Die Handlung erstreckt sich über mehr als sechs Jahrzehnte, von 1946 bis 2009, und wird dabei rückwärts erzählt, ein ungewöhnlicher, aber wirkungsvoller Kniff, der die Spannung hochhält und den Leser zwingt, sich aktiv mit den Figuren und ihren Entscheidungen auseinanderzusetzen. Im Zentrum steht Ruths Familie, deren Schicksal eng mit den politischen und gesellschaftlichen Umbrüchen Israels verwoben ist: von der britischen Mandatszeit über die Staatsgründung, den Sechs-Tage-Krieg bis hin zum Jom-Kippur-Krieg. Jede Generation erlebt Gewalt, als Opfer und als Täter, und trägt die Narben weiter.
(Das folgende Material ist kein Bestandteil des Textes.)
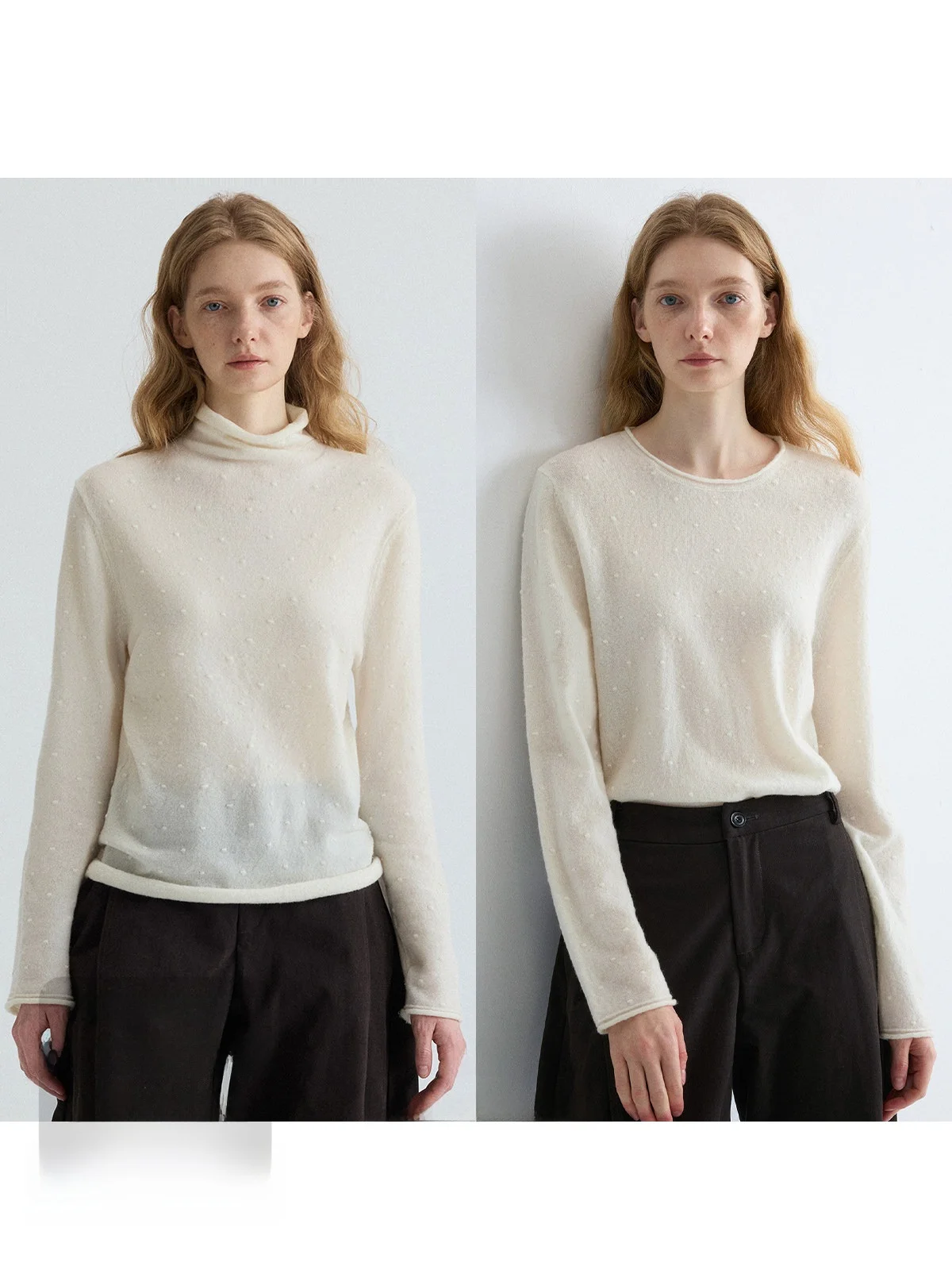 

Skin-friendly Wool Blend Knitwear Color Polka Dot High Collar Cuffed Base Layer Women's Loose Fit Long Sve Top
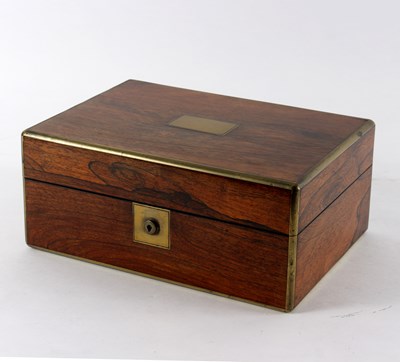 Lot 428 - A Victorian brass bound rosewood dressing case,...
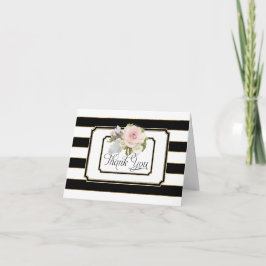 Bedankkaartjes Roos Art Deco Bloem Strepen Bedankkaart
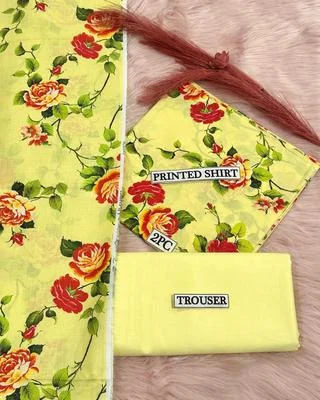 2 Pcs Women's Unstitched Digital Print Suit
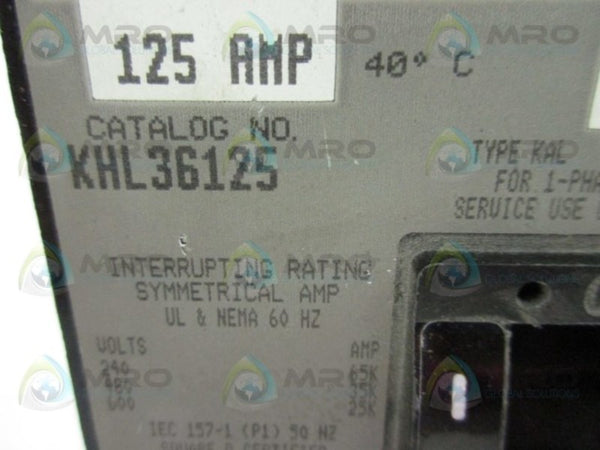 SQUARE D KHL36125 CIRCUIT BREAKER 125A (AS PICTURED)  NSNP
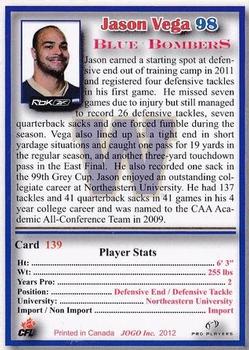 2012 JOGO CFLPA Pro Players #139 Jason Vega Back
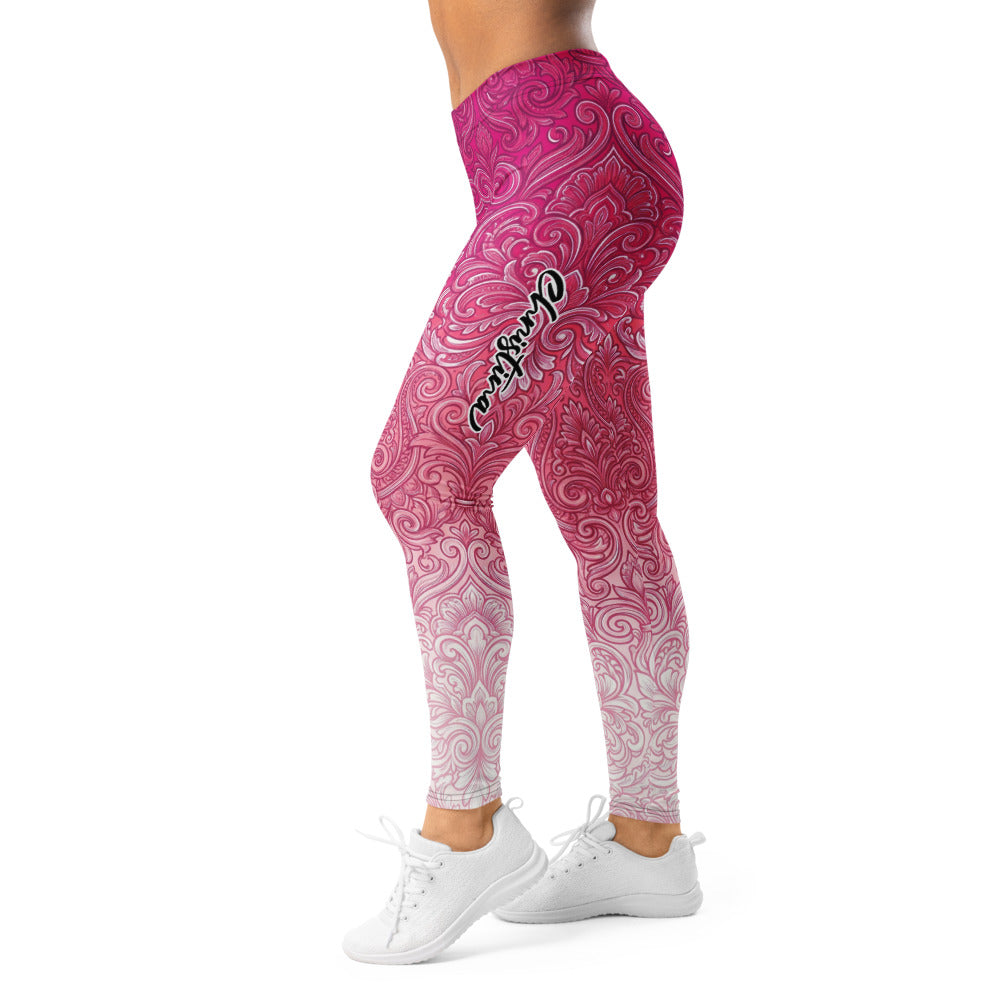 Personalisierte Damen Sportleggings Barock Ornament Muster Pink Weiß Fitness Leggings Yoga Hose S201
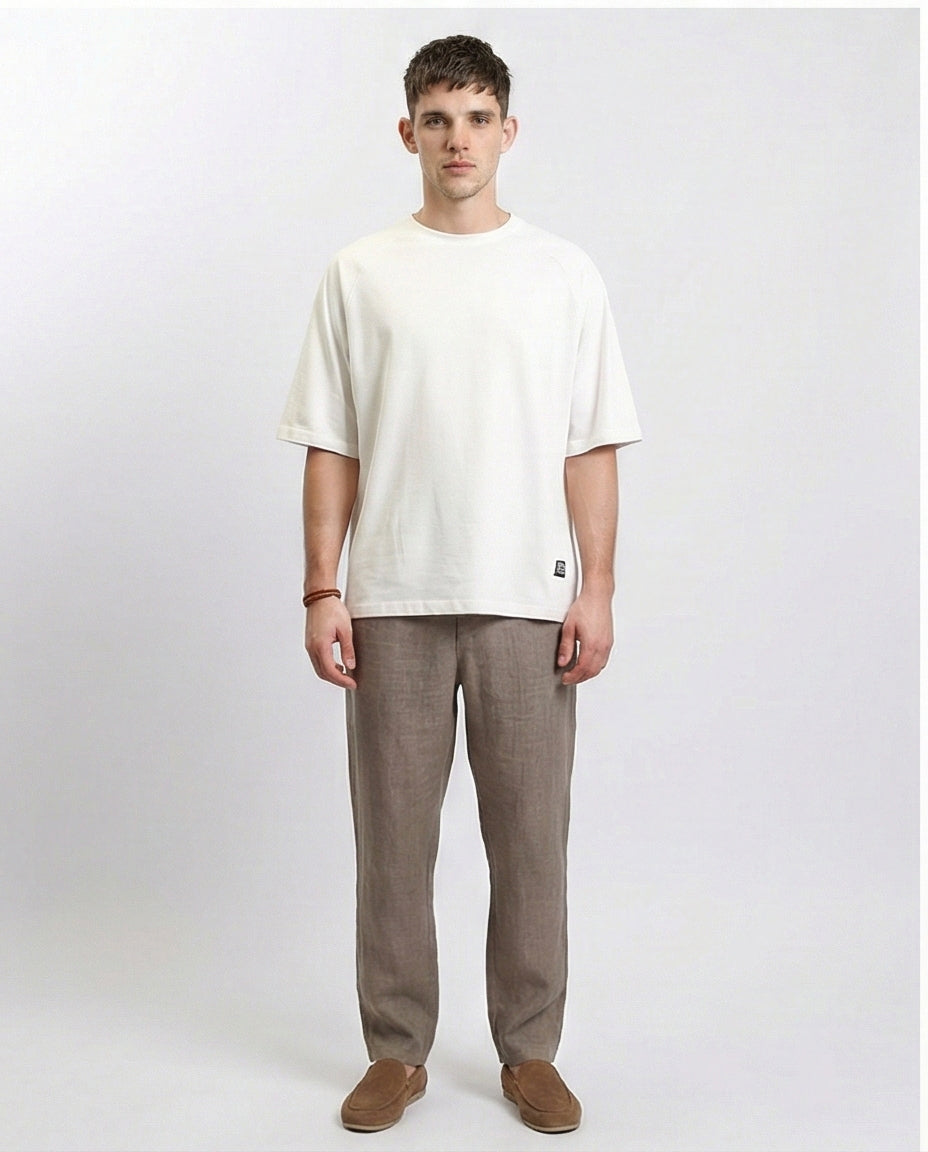 R215871 - Crew Neck Relaxed Fit Cotton Tee - White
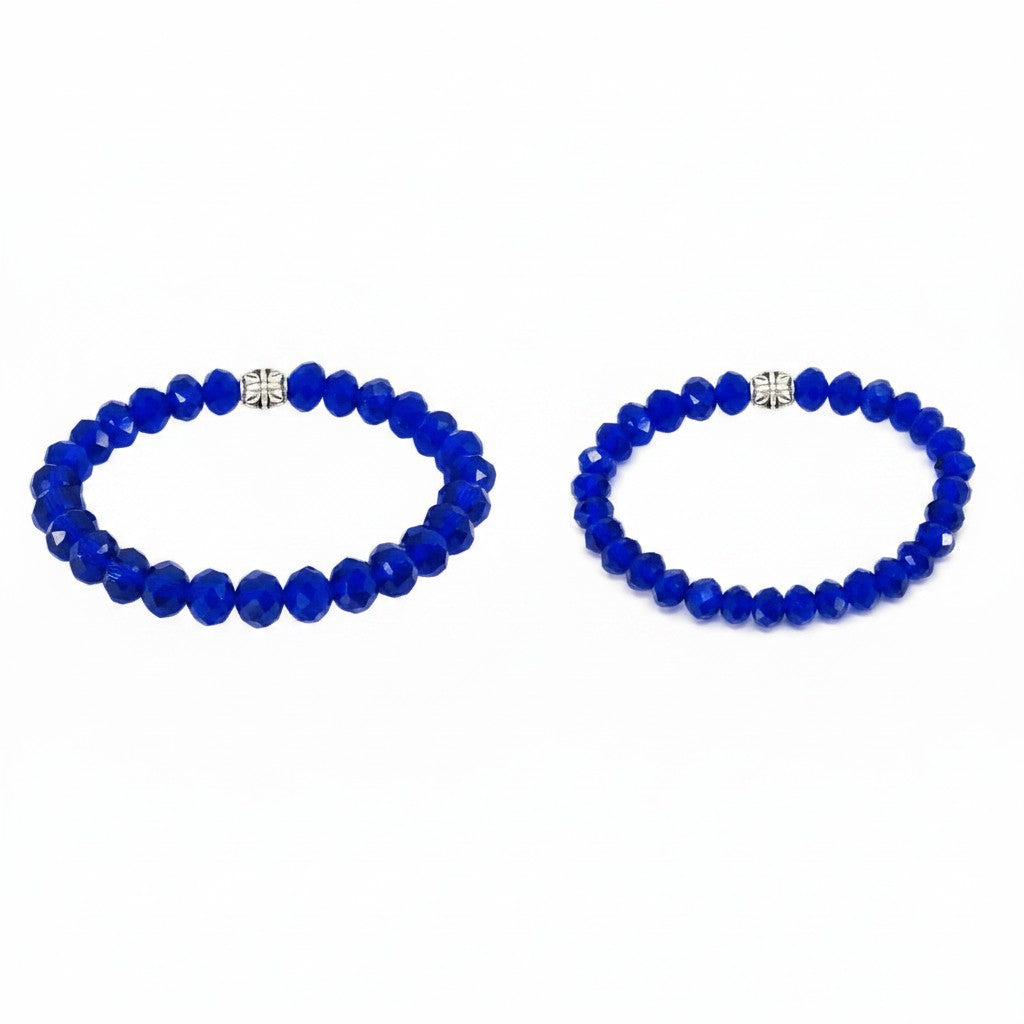 Dark Blue Glass Bead Stretchy Bracelet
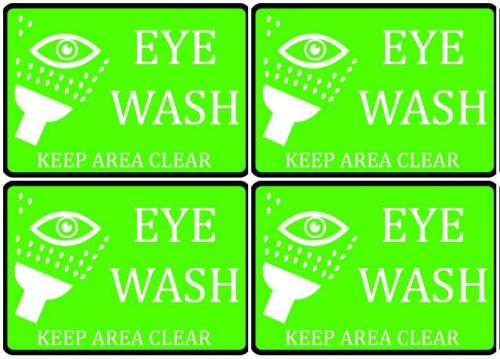 Eye wash keep area clear green set of four important company vinyl secure signs for sale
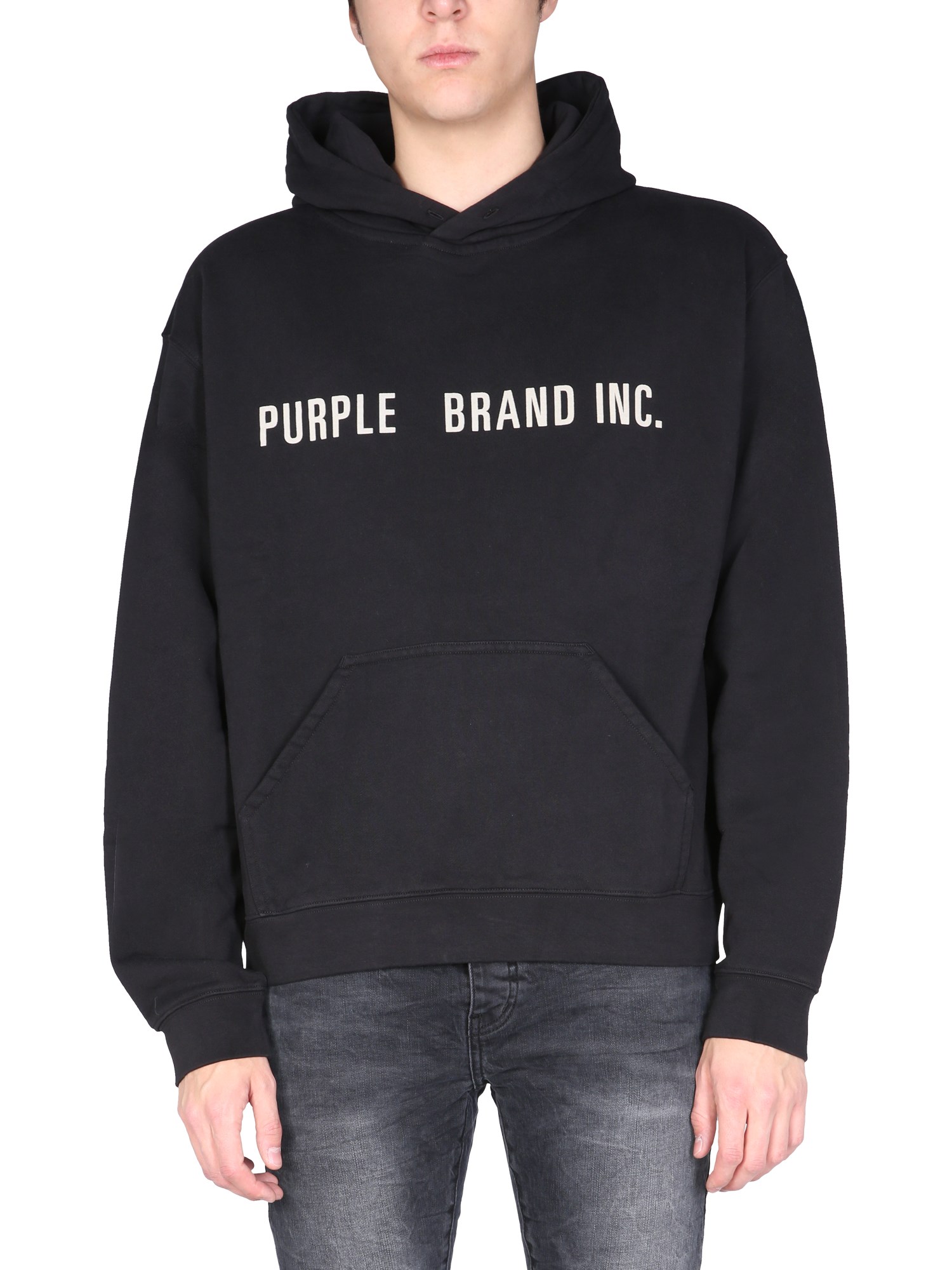 purple brand sweatshirt with logo print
Tidhar beschönigt nichts. Sein Stil ist klar, präzise, fast dokumentarisch. Er erzählt nicht alles, vieles bleibt unausgesprochen, zwischen den Zeilen. Gerade das macht den Roman so eindringlich. Als Leser ist man gefordert, die Lücken zu füllen, die Motive zu deuten, die Widersprüche auszuhalten. Adama ist kein einfacher Roman, aber ein lohnender. Er ist politisch, unbequem, tiefgründig und erzählt zugleich die Geschichte einer Frau, die sich selbst und ihre Ideale nie aufgibt.

Ein beeindruckendes literarisches Werk, das lange nachhallt.